While working at Baker & McKenzie in 1999, I was offered the opportunity to move to Paris and work closely with the Vivendi leadership team. The aim was to diversify the business from utilities to media and entertainment, grow internationally and become a US-listed company – it was an offer that was difficult to refuse.
When I joined Aegis Group plc (the former name of Dentsu International) in 2003, it was a FTSE 250 company. I joined as GC for the global media division. I eventually became group GC. Over the years the nature of the role, the work overseen by the legal and compliance team, and my own scope of input to the wider leadership team have expanded dramatically. When I started there were only three lawyers, including myself. Today, I manage a global team of around 250 lawyers and compliance specialists.

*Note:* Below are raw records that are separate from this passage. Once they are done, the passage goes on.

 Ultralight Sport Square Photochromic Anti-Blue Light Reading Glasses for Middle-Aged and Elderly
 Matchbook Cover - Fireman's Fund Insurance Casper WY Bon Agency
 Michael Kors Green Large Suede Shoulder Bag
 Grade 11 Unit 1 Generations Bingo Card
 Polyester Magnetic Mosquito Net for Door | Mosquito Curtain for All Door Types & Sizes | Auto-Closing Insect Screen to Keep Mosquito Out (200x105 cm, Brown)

With so much wider societal change and instability, the leadership, experience, knowledge and presence of general counsel are more important than ever. Not only do we provide stability in terms of our legal, compliance and risk expertise, but also a unique focus and leadership across so many more areas. These include matters of company culture, integrity, employee relations, commercial strategy, organisational design and government affairs. No wonder that we are seeing some organisations embracing general counsel as CEOs.
Disaster survivors not only benefit from access to free legal resources, but also from meaningful legal representation. Providing information to communities is important
I created the General Counsel Oath to promote a commitment to a set of personal and professional behaviours. The oath asks general counsel to make a commitment across the following categories: professional responsibility and ethics, leadership, diversity and inclusion, social impact and pro bono, working with internal clients, working with external parties, and personal behaviour. Having seen individual lawyers and organisations take different approaches across these areas, and believing that wider positive change could be generated from behaviour and action that was more unified, I wrote the oath and sought to raise as much awareness of it as possible. My hope is that those who put the oath into practice will experience more enriching personal and professional lives.

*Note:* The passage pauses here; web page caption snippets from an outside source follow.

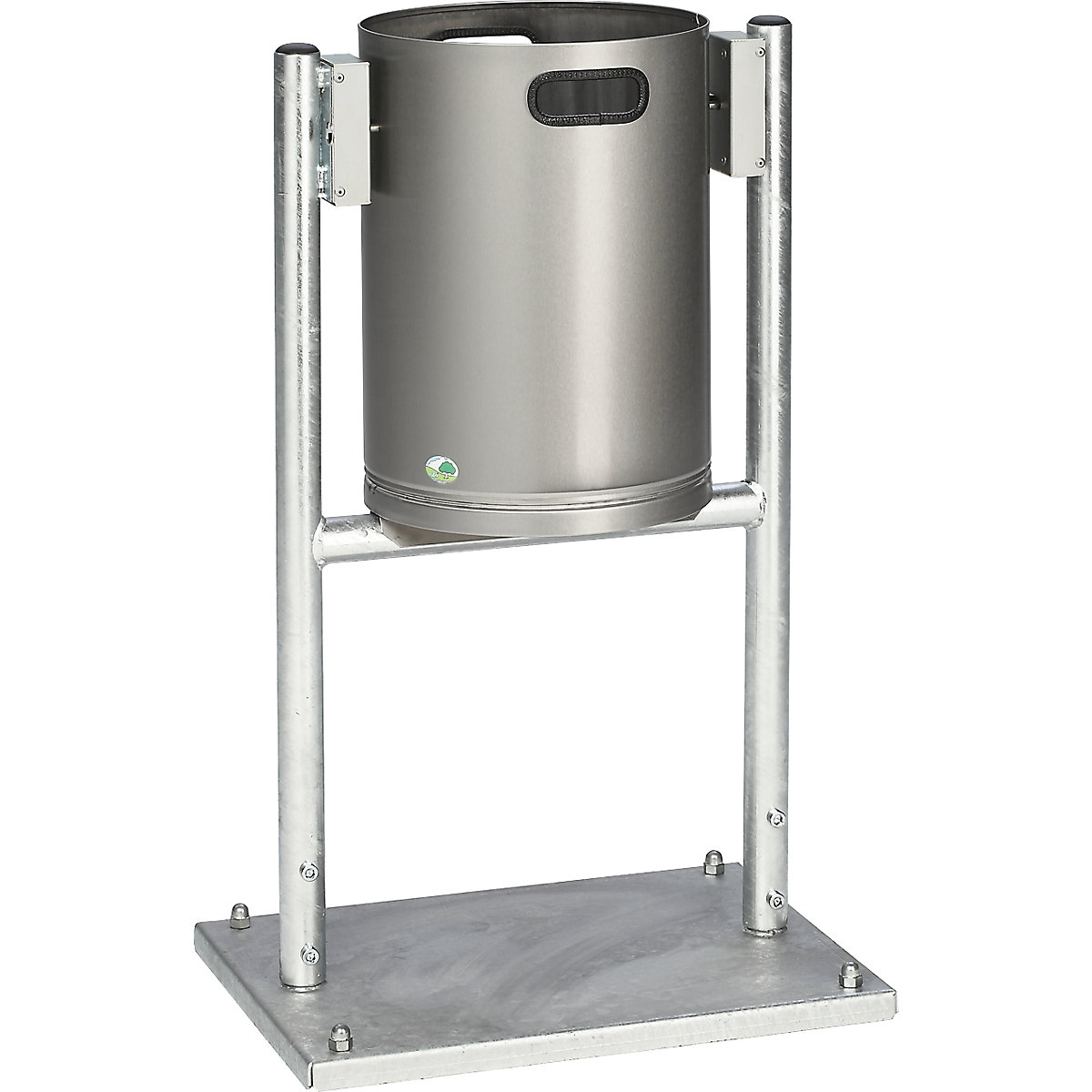 Venkovní nádoby na odpad, 30 l, ušlechtilá ocel – VAR, objem 30 l, š x h 490 x 400 mm, s trubkovým rámem, bez stříšky-0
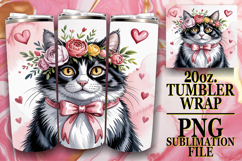 Blissful moments 20oz tumbler wrap, Valentines Cat Product Image 1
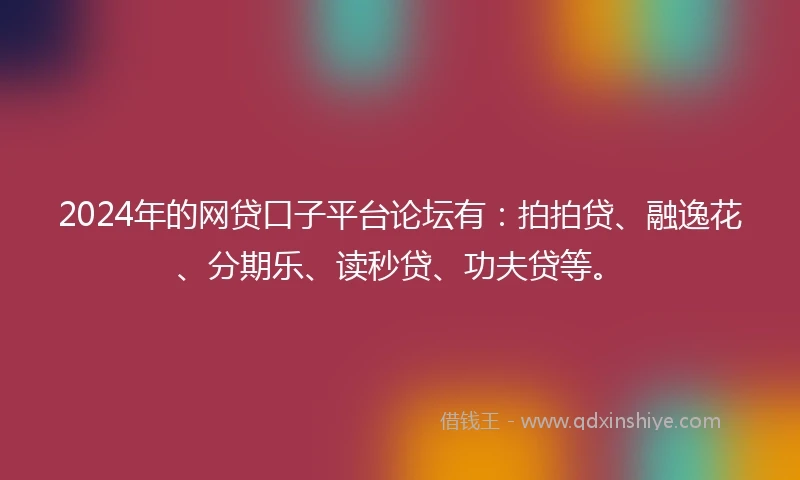 2024年的网贷口子平台论坛有：拍拍贷、融逸花、分期乐、读秒贷、功夫贷等。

For several years, our global legal and compliance team has taken part in activities aimed at offering our legal and other skills to charities and non-profit organisations. What started as an annual objective for the team has become an inspirational effort, as we have witnessed the positive impact that contributing time, effort and professional skills has on wider communities. Our team is a formal signatory to the Law Society’s Pro Bono Charter and to the Pro Bono Institute’s Corporate Pro Bono Challenge.
Working with our partners and non-legal team members, we created what was essentially a media campaign to help disaster survivors. The idea was premised on the fact that thousands of volunteer lawyers and hundreds of legal aid organisations work tirelessly after a disaster to help those who do not have the means to afford an attorney. Disaster survivors not only benefit from access to free legal resources, but also from meaningful legal representation. Providing relevant and timely information to affected communities is important. Recruiting pro bono lawyers who can provide disaster legal aid and connecting them directly with disaster survivors becomes an urgent step towards long-term recovery.
Legal aid providers simply cannot serve the legal needs of every single person affected by a disaster. Fortunately, working with our internal agency partners and Pro Bono Net, our team came up with a plan to solve these challenges. Our project became a two-part media campaign to help connect volunteer attorneys with disaster legal aid resources, and amplify legal rights information to communities impacted by natural disasters.